On the backend at CMAJ, we had three CMAJ editors who handled the manuscripts. We had such an overwhelming amount of really good stuff submitted for the special issue. And I think it was quite hard to make decisions about what could be in and what couldn't, and that's why it ended up being two special issues, just some quite groundbreaking stuff and interesting research along the lines that we've not had before. So it felt like it took things forward.
But you were asking about it being a huge undertaking. I mean, it was a lot of work. It was sort of at the forefront of my consciousness for the better part of the year, but it took a lot of work from a lot of people, like commitment from amazing folks on the working group, of which Jola was a part.
Dr. Blair Bigham:
Do you see that special issue being an example of something that would be replicated in the future as the journal evolves?
Dr. Kirsten Patrick:
So special issues are very difficult for a journal, especially a journal that's smallish like CMAJ. They're a huge undertaking. It's not like we're big like The Lancet and we can do special commissions every other year.

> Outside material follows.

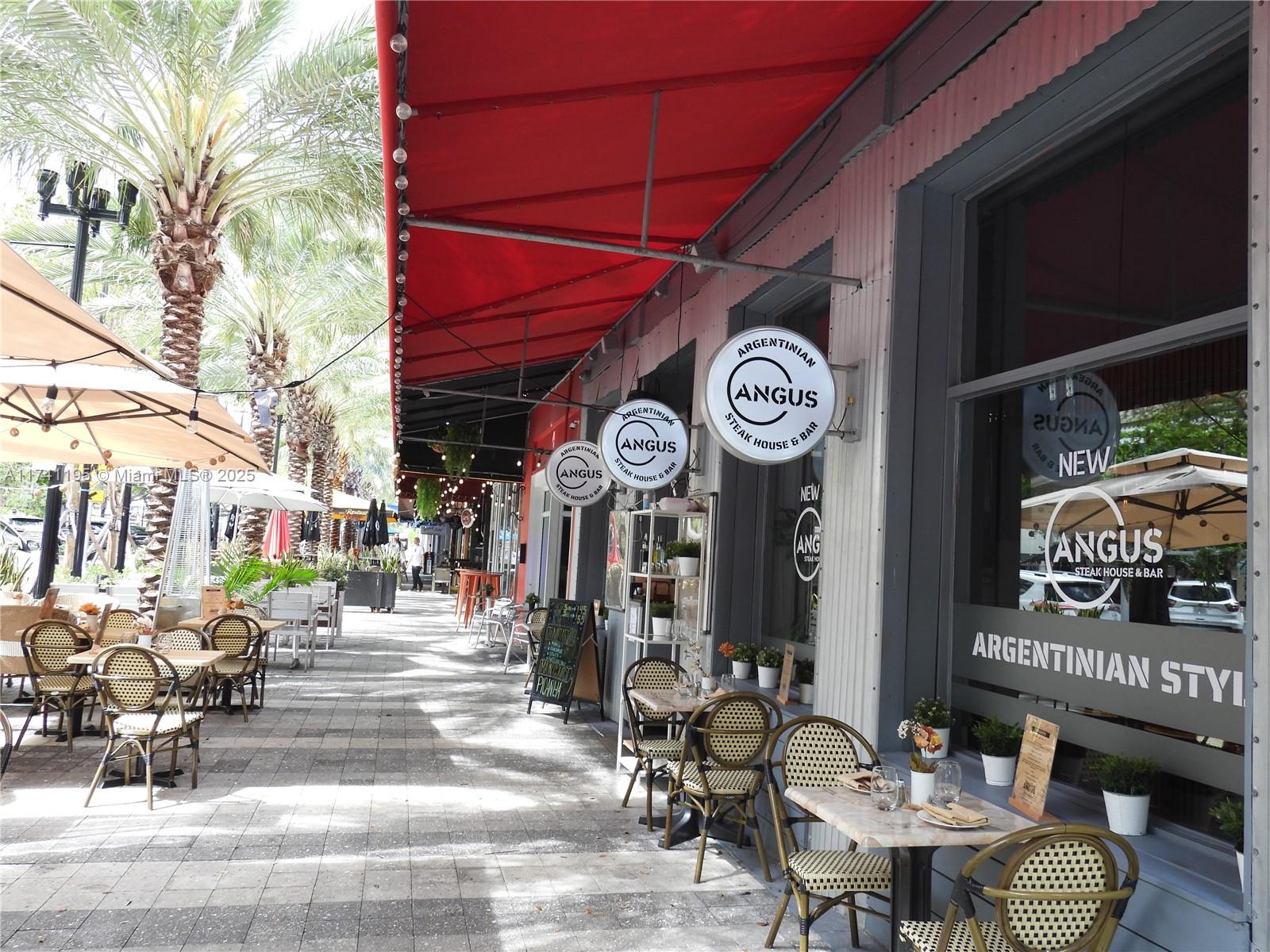 Hollywood Blvd Property Photo 33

But I think it is something to focus on themes, and that is something that I've been talking about with James, going into 2023, is what theme are we going to focus on? Because what I did learn from the special issue is how you can take a conversation forward by really focusing on something. So if we focus on a theme and say, "This is something that we see as a huge problem in the healthcare system currently, we're going to focus on that for 2023," that helps us to attract the kind of groundbreaking articles that we would like to see.
Dr. Blair Bigham:
As we move into sort of our discussion of the future, what type of themes have been in discussion? What have you heard from CMAJ readers?
Dr. James Maskalyk:
I think the one in the forefront of our minds looking forward is access to care. And I know Canadians are interested in that and I know people around the world are as well too.
So the challenge with using it as a placeholder or an umbrella is that everything can almost be framed under access to care. Does racism stand in the way of Black Canadians accessing care in a safe way that's meaningful to them? Can Indigenous people access the care that they need by seeking traditional medicines if that's what their primary interest is? So I think that there are a lot of interesting opportunities to explore what that means to different people. And if you look at the ER overcrowding, that's the obvious one where our minds are at as people who are looking at a health system and we're thinking of the people who are boarded in those ERs for maybe a couple days before they get admitted to a hospital bed.

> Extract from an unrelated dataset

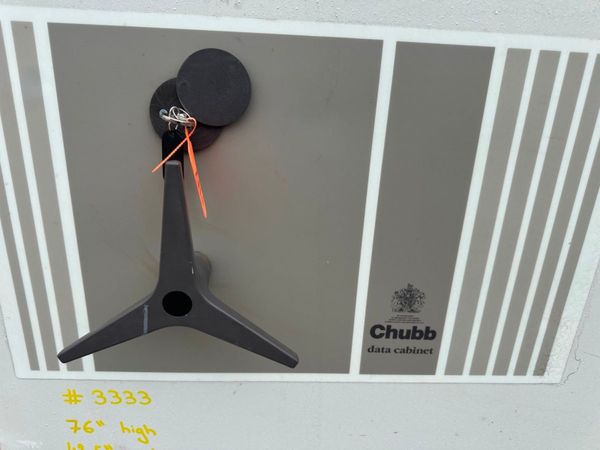 CHUBB DATA CABINET FIRE IMPACT MONEY SAFE. 367766791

So that's just one place to start, but when you expand from it, kind of exploring what people actually need from the healthcare system, what they're actually looking for at the deepest level, and are they able to find it? I think it's just such an intriguing way to imagine a new version of a health system that works out for more and more people.
Dr. Kirsten Patrick:
The issue that keeps coming back to us is this overcrowding of EDs, closure of EDs, the crisis of nurses leaving, et cetera. And that's very much in the forefront of people's thinking like, "CMAJ really needs to highlight this."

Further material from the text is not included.